Nell’espropriazione presso terzi, il limite dell’importo del credito precettato aumentato della metà, previsto dall’art. 546, comma 1, c.p.c., individua anche l’oggetto del processo esecutivo, sicché, in difetto di rituale estensione del pignoramento, un intervento successivo, pur se del medesimo procedente, non consente il superamento del detto limite e l’assegnazione di crediti in misura maggiore.
Pertanto, la misura del pignoramento circoscrive l’oggetto del giudizio di accertamento dell’obbligo del terzo.
Se, pendente il processo di accertamento dell’obbligo del terzo, il creditore esecutante acquisisse nuovi titoli ed intervenisse nel processo esecutivo, tale intervento potrà modificare l’oggetto del giudizio di accertamento dell’obbligo del terzo solo a due condizioni: che il creditore abbia ritualmente esteso il pignoramento, notificando l’atto di intervento al debitore ed al terzo, e che il creditore-attore nel giudizio di accertamento dell’obbligo del terzo abbia formulato rituale istanza di rimessione in termini ex art. 153 c.p.c., per modificare la domanda, sempre che ne sussistano i presupposti.

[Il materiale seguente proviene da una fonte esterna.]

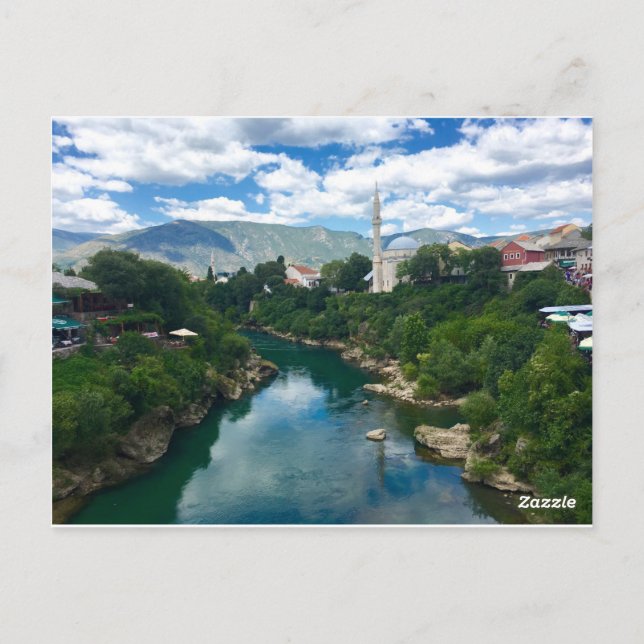Carte postale Mostar, Bosnie-Herzégovine (Dos)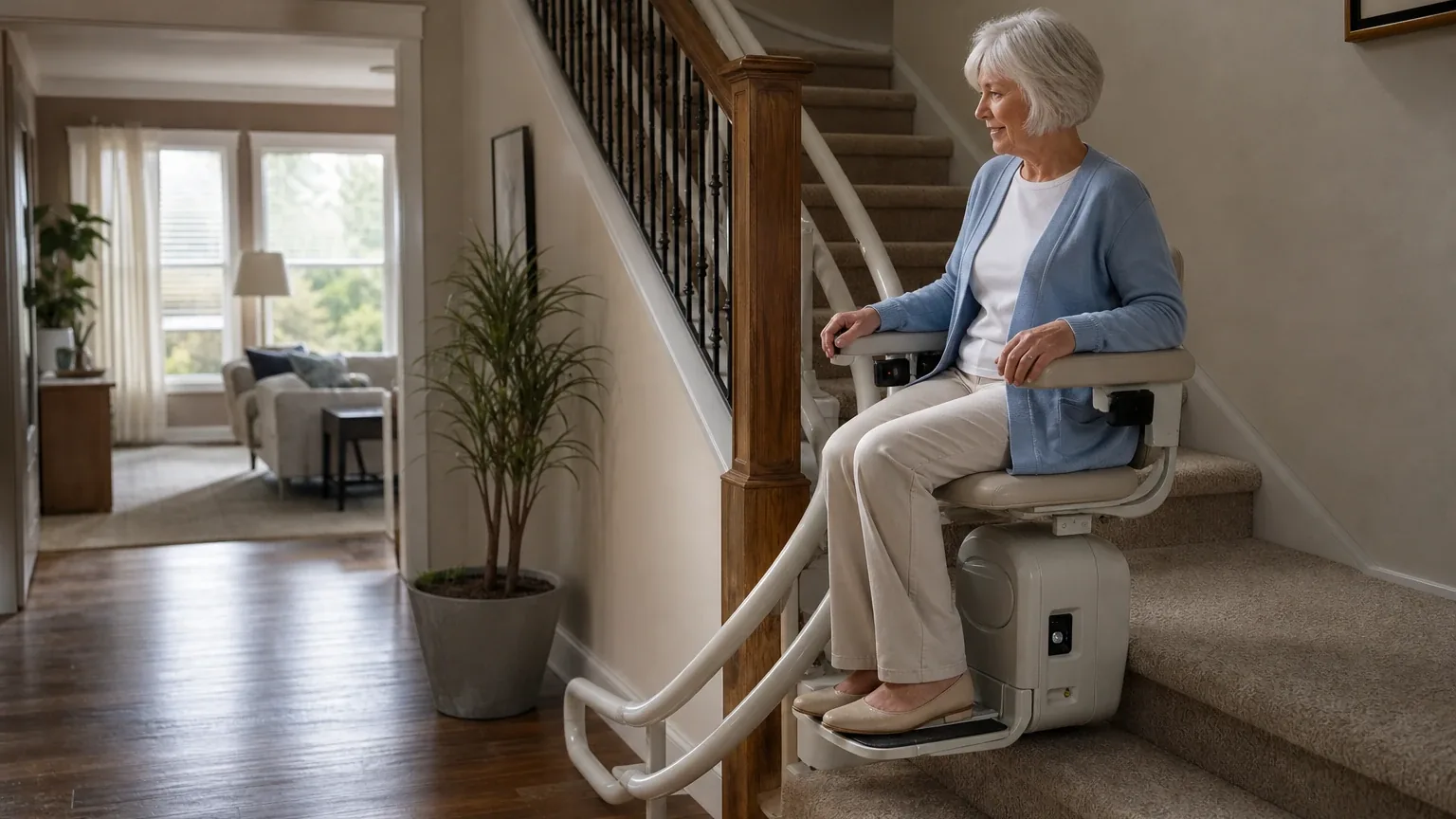 Best Stairlifts for Curved Stairs hero image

Il pignoramento, infatti, si può estendere solo per effetto di una intimazione formale, senza la quale il terzo esecutato non sarebbe in condizione di sapere se, e nelle mani di chi, possa o debba adempiere la propria obbligazione.
Questo il principio espresso dalla Corte di Cassazione con sentenza n. 1170 del 17 gennaio 2022.